11. The illumination apparatus according to claim 7, further comprising a diffusion sheet between the plurality of single-color light sources and the liquid crystal panel,

wherein light distribution characteristics of the plurality of single-color light sources and a light distribution characteristic of the diffusion sheet are set so as to lessen the wavelength dependency and the anisotropy.

12. The illumination apparatus according to claim 7, further comprising a diffusion sheet between the plurality of single-color light sources and the liquid crystal panel,

wherein the diffusion sheet has, within a transparent base material, light diffusers having a refractive index different from a refractive index of the base material, dispersed in a thickness direction of the transparent base material, causes light emitted from the plurality of single-color light sources to be refracted a plurality of times, imparts wavelength dependency that is a reverse of the wavelength dependency to light emitted from the plurality of single-color light sources, and emits that light.

13. A liquid crystal display apparatus of the present invention comprising:

a liquid crystal panel having wavelength dependency whereby transmittance for incident illumination light differs according to both an incident angle and wavelength of the illumination light, and also having anisotropy whereby the wavelength dependency differs in a horizontal direction and a vertical direction;

an illumination section that has a plurality of single-color light sources whose emission wavelength light distribution characteristics differ and that illuminate the liquid crystal panel from aback surface, and illuminates the liquid crystal panel from the back surface; and

a display control circuit that drives the liquid crystal panel and displays an image,

wherein the plurality of single-color light sources emit illumination light having a light distribution characteristic that lessens the wavelength dependency and the anisotropy.

14. The liquid crystal display apparatus according to claim 13, wherein emitted light colors of the plurality of single-color light sources are three primary colors red, green, and blue, and diffusion of blue is relatively large.

15. The liquid crystal display apparatus according to claim 13, wherein the plurality of single-color light sources are arranged so as to have directivity in a horizontal direction of the liquid crystal panel.

16. The liquid crystal display apparatus according to claim 13, wherein the plurality of single-color light sources are arranged so as to have a light distribution characteristic with large diffusion in a vertical direction of the liquid crystal panel.

17. The liquid crystal display apparatus according to claim 13, further comprising a diffusion sheet between the plurality of single-color light sources and the liquid crystal panel,

wherein light distribution characteristics of the plurality of single-color light sources and a light distribution characteristic of the diffusion sheet are set so as to lessen the wavelength dependency and the anisotropy.

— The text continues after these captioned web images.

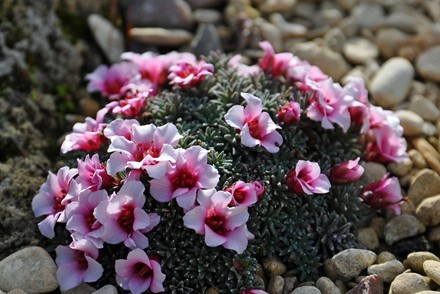 Brickell Award 2023 presented to Saxifraga specialist, Adrian Young at RHS Hampton Court Palace Garden Festival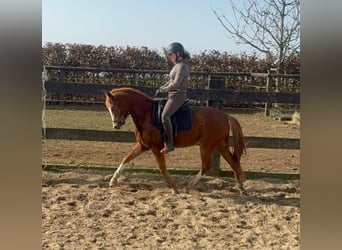 German Riding Pony, Mare, 5 years, 14 hh, Chestnut-Red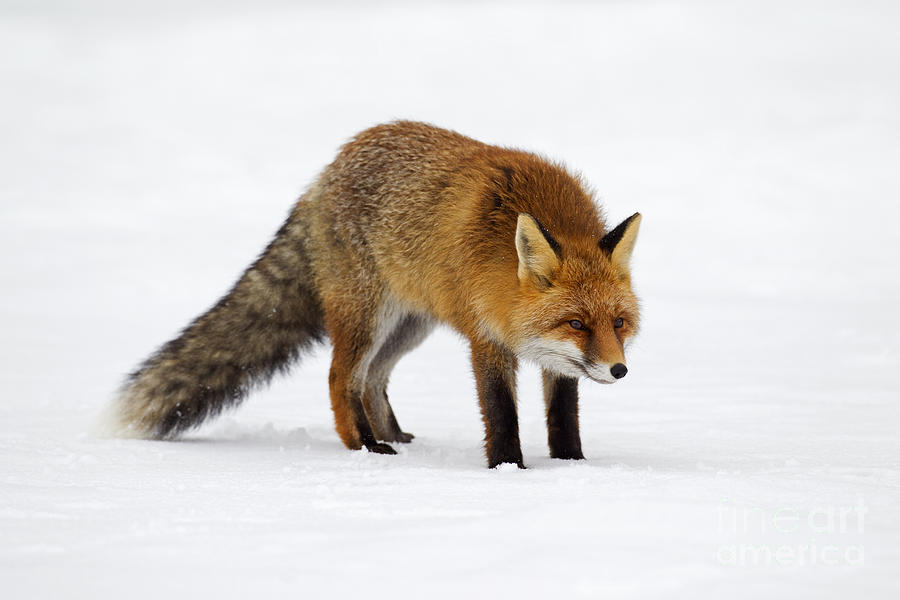 Red Fox Hunting in Winter Photograph by Arterra Picture Library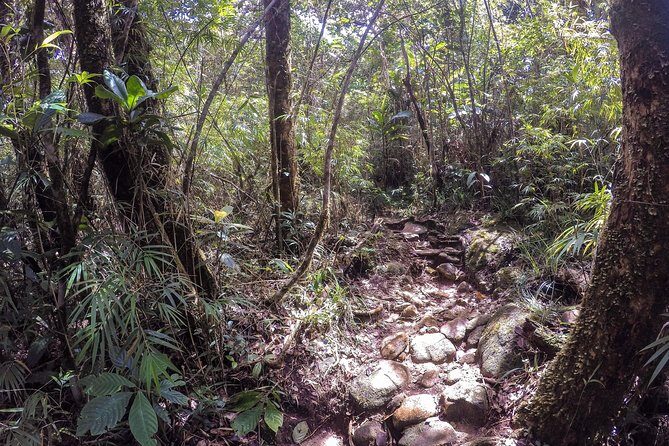 Knuckles Leopard trail Trek from Kandy - Weather realities: when good conditions make the trail feel easier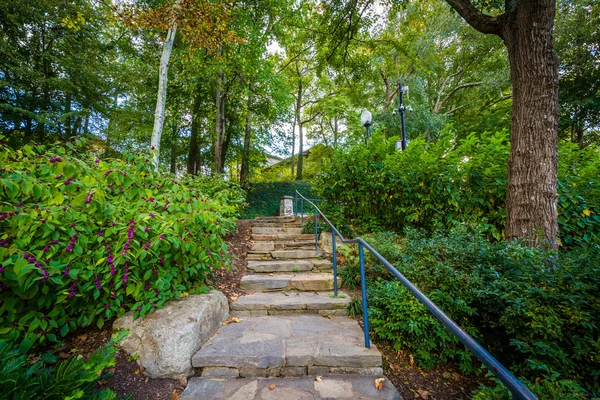 Jardín y escaleras en el Falls Park en el Reedy, en Greenville , — Foto de Stock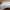 GentleSoft™ 100% Cotton Sheets Ditsy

18. The liquid crystal display apparatus according to claim 13, further comprising a diffusion sheet between the plurality of single-color light sources and the liquid crystal panel,

wherein the diffusion sheet has, within a transparent base material, light diffusers having a refractive index different from a refractive index of the base material, dispersed in a thickness direction of the transparent base material, causes light emitted from the plurality of single-color light sources to be refracted a plurality of times, imparts wavelength dependency that is a reverse of the wavelength dependency to light emitted from the plurality of single-color light sources, and emits that light.